As we began to prototype DocumentCloud, it quickly became apparent that we’re going to need a heavy-duty system for document processing. Our PDFs need to have their text extracted, their images scaled and converted, and their entities extracted for later cataloging. All of these things are computationally expensive, keeping your laptop hot and busy for minutes, especially when the documents run into the hundreds or thousands of pages.

Today, we’re pleased to release CloudCrowd, the parallel processing system that we’re using to power DocumentCloud’s document import. It’s a Ruby Gem that includes a central server with a REST-JSON API, worker daemons so you can parcel out the jobs, and a web interface to help keep an eye on your work queue. The screenshot below is an example of what the web interface looks like, showing a series of brief jobs being rapidly dispatched by the workers.

CloudCrowd Operations Center

CloudCrowd is intended for a moderate volume of highly expensive tasks — things like PDF processing, image scaling and conversion, video encoding, and migrating data sets. It comes with a couple of example “actions”, including one that serves as a scalable interface to GraphicsMagick, a program that allows you to programmatically apply Photoshop-like transformations and adjustments to images. This sort of work is the kind of thing that always needs to be extracted from a web application; it’s simply too slow to be done in the middle of a request. CloudCrowd should help provide a convenient and scalable way to offload the work.

We’ve been inspired by Google’s MapReduce framework for distributed processing. CloudCrowd provides explicit hooks to help exploit the potential parallelism in your jobs. All “actions” take in a list of inputs: think of a list of PDFs that need to be imported, or a list of images that need to be cropped. Every input is run in parallel. The more workers you spin up, the more machines you add to the cluster, the faster you’ll be able to process them. In addition, if you define an optional “split” method in your action, each input will be split up into multiple work units, all running in parallel. For DocumentCloud, that means the ability to split up large PDFs into 10-page chunks, each of which will be handed off to a different worker.
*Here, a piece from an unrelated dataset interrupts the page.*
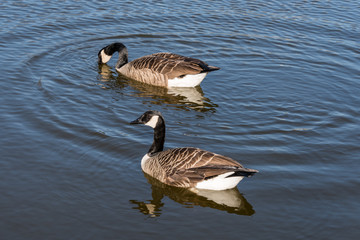 Ein Paar von Nonnengänsen Schwimmend im Wasser des Kleinen Kiel in der Landeshauptstadt von Schleswig-Holstein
This is DocumentCloud’s first release of open-source code — hopefully the first of many to follow. If you have similar batch-processing needs to ours, I encourage you to give CloudCrowd a try. The source is available on Github, there’s a wiki, and inline documentation. We’re hoping to get contributions back from the community (there’s even a wish list on the wiki). We hope you find CloudCrowd to be both pleasant and useful. Enjoy!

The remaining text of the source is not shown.